Image source: https://www.r-project.org/
The latest update of R dropped on the 24th of April, taking the statistical computing language to Version 4.0. The update is packed with new features, bug fixes and changes to the underlying behavior and syntax of existing functions that help optimize implementation and reusability of code.
Due to changes in core components in R 4.0, R packages will need to be re-installed to ensure that they function correctly due to underlying changes in the way core libraries function. This update can create model reproducibility headaches, and brings the age-old challenge of ensuring consistent versions across teams of data scientists, enabling them to co-develop models and ensure that models developed on their machines are able to be run by other data scientists and deployed into production.
A full list of the changes made in R 4.0 can be found at the Comprehensive R Archive Network.
Environment Management is a key component of Domino’s platform. It enables teams to configure and keep multiple analytics environments that can easily be applied to their projects and workbenches in a safe, seamless manner, with minimal to no IT interaction. It doesn’t require developers to configure their own local level machines or setup new virtual environments to test updates or new packages, and can easily be rolled out to other team members once deployed.
This functionality is often used to produce “gold standard” production environments where all packages and software versions have been tested and assessed for being worthy of production, alongside research and development environments where data scientists can test the latest and greatest packages and software updates.

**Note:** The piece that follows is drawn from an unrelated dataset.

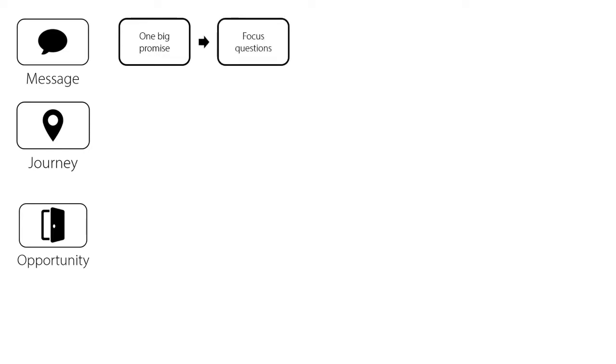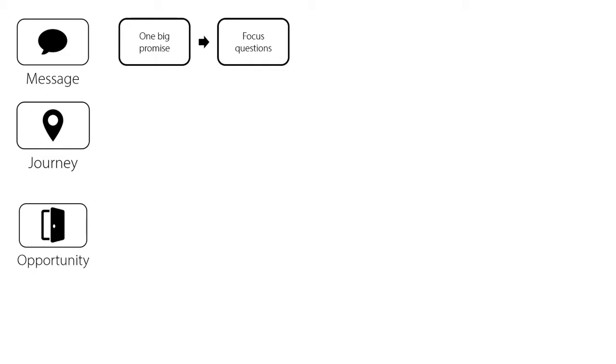The second part is to then, once we've addressed at the very start the one big promise we're going to make for that presentation, then it's about focus questions, getting your audience focused on what you want them to think of. So you must control the focus of your audience. Always take control by saying, what if you could do this? What if you could do that? And that allows you to direct them to where you want them to be, get them in the right mindset.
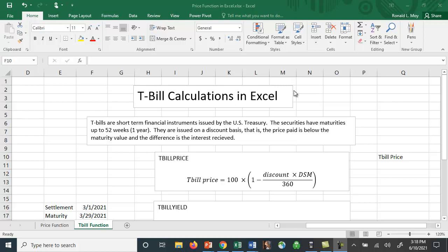This is what they do for these short-term financial instruments and it makes sense because interest on Treasury bonds would be paid every six months, but you might have a Treasury bill that matures in 90 days. So when would you receive that interest payment? So this is the way they do it, they do it on a discount basis.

Like all functions within Domino, environment management is fully version-controlled meaning that changes can be tracked over time, and full environments can be restored in the case that there is a breaking change in an underlying package or software component. This is critical for major upgrades like R 4.0 that could otherwise be disruptive, causing your models to break. Having a platform that can recall and use the exact environments needed to reproduce your model, even years later, is key.
So how does Domino help?
The tools and technology that underpin data science are constantly evolving. The usual approach by data science teams has been to stand up virtual machine environments as development hubs, and testing packages out before rolling out instructions for each data scientist to undertake themselves in order to update their development environments. This approach often meant package and version incompatibility, requiring troubleshooting, and hampering data scientists’ progress.
Environment Management makes it easy for data scientists to test new packages and software updates, but more importantly, these environments are easily shared across data science teams meaning that the days of spending hours trying to set up an environment to test a peer’s work are long gone.
This gives data scientists an ability to set up gold standard production-worthy environments that can be trusted, without sacrificing any freedom or flexibility in their ability to try new emerging packages and software as they become available.